This bread is pretty awesome for lots of reasons. Let's start with the fact that it's easy to make. It comes together in one bowl in minutes and bakes in under an hour! It's yeast free too, so no waiting around for it to rise and no candida issues. Oh, and it also happens to be gluten-free, refined-sugar-free, grain-free, gum-free, legume-free, nut-free, high fibre, high protein, low fat and vegan!
How? How is so much possible from an easy to make healthy quick bread? Buckwheat. Buckwheat is fast becoming my favourite flour for baking. Why? Well it's really REALLY good for you, gluten-free, grain-free and doesn't require eggs to bake into nicely textured baked goods that don't crumble into dust. What's not to love?
While I thoroughly enjoy buckwheat in many recipes, I find it can make some baked goods almost too dense and bitter without being balanced by another lighter flour. I often use rice flour for this but in a chocolate cake recipe I made recently I decided to use quinoa flakes and wow, they worked out really well in that recipe so I threw them in this one too!
This is a really lovely gluten-free bread. It has a great texture -- dense but soft. It's not crumbly, but solid so it holds up to your toaster, and its not dry tasting like many disappointing gluten-free breads out there. This bread is closer in texture to banana bread but is not as spongy and has a bit of a crust on top.
The best part about this bread is that it is thoroughly customizable.
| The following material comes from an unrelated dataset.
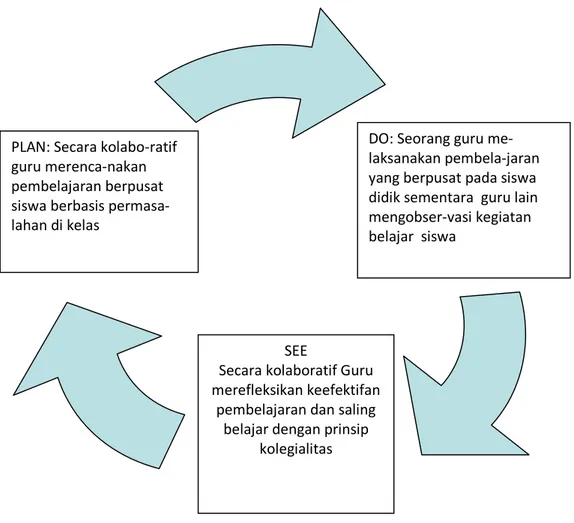 Gambar 2. Siklus Pengkajian Pembelajaran dalam Lesson Study di Indonesia (Dimodifikasi dari Herawati Susilo,2009)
You'll see below I offer add-in suggestions for the basic batter recipe to allow you to easily switch up this healthy bread flavour-wise.
You can also always make the basic version of this bread and just add whatever flavourful toppings you like when its ready. I enjoyed three pieces at room temperature with coconut oil and pink salt (my first batch of bread was light on the salt so the topping needed a little). I also made my husband a delicious almond butter and dark chocolate open faced sandwich with a toasted piece of the bread and it was, well, delightful.
I hope you enjoy this bread! It's a great recipe to have on hand because it is so versatile.
Add ins + basic bread recipe = countless gluten-free bread recipes!
SuperBread [base recipe]
(Yeast-Free Buckwheat Quinoa Bread)
- 1.5 cups quinoa flakes
- 2 cups buckwheat flour
- 2.5 cups water mixed with some mineral drops
- 1 tsp baking soda
- 2 tbsp apple butter (you can use maple syrup or honey or agave, but if you don's use apple butter you will need to add 1 tsp vinegar to the batter to activate the baking soda)
- 1 tbsp coconut oil
- 1-1.5 tbsp evoo
- Big pinch pink salt (don't be shy with the salt, my first batch could have greatly benefited from more than the pinch I used)
Preheat oven to 375F.
Mix dry ingredients together in a mixing bowl of well. Mash in the oils and apple butter with a fork until well incorporated. Add the liquid, 1 cup at a time, gently blending all together using a rubber scraper/spatula.
Grab a standard size bread pan and line it with parchment paper. Scrape batter into lined pan and use spatula to smooth out the batter to the edges.
Glaze Topping [base recipe]:
- 1 tsp coconut oil
- 1 tsp evoo
- 1 tsp apple butter
- Pinch pink salt
Add all topping ingredients to a small bowl and mash together with a fork until smooth. Add dollops of it to the top of the bread. Use a knife to slightly marble the top of the bread. Place the bread in the oven centre and bake until lightly brown on top and firm to the touch.
BREAD RECIPE VARIATIONS:
CINNAMON RAISIN BREAD:
Add 1/4 cup raisins, 1 tbsp maple syrup and 2 tsp cinnamon to the batter before baking. Add 1 tsp maple and 1 tsp cinnamon to the glaze topping recipe.
Add 1/4 cup pumpkin seeds, 1/4 cup sunflower seeds and 1 tbsp whole flax seeds to the basic batter recipe before baking.
After glazing the bread sprinkle 1/4 cup mixed seeds all over the top of the bread.
Add 1/4 cup chopped walnuts, 1/4 cup chopped pecans, 1 tbsp hemp hearts and 1 tbsp maple syrup to the basic batter recipe before baking.
After glazing the bread sprinkle 1/4 cup chopped mixed nuts all over the top of the bread.
FRUIT NUT and SEED BREAD:
Add 1/4 cup chopped hazelnuts, 1/4 cup raisins, 1 tsp cinnamon, 1/4 cup pumpkin seeds and 1 tbsp maple syrup to the basic batter recipe before baking.
After glazing the bread sprinkle 1/4 cup chopped mixed nuts and seeds all over the top of the bread.
These variations on the basic bread recipe above will keep things interesting for awhile!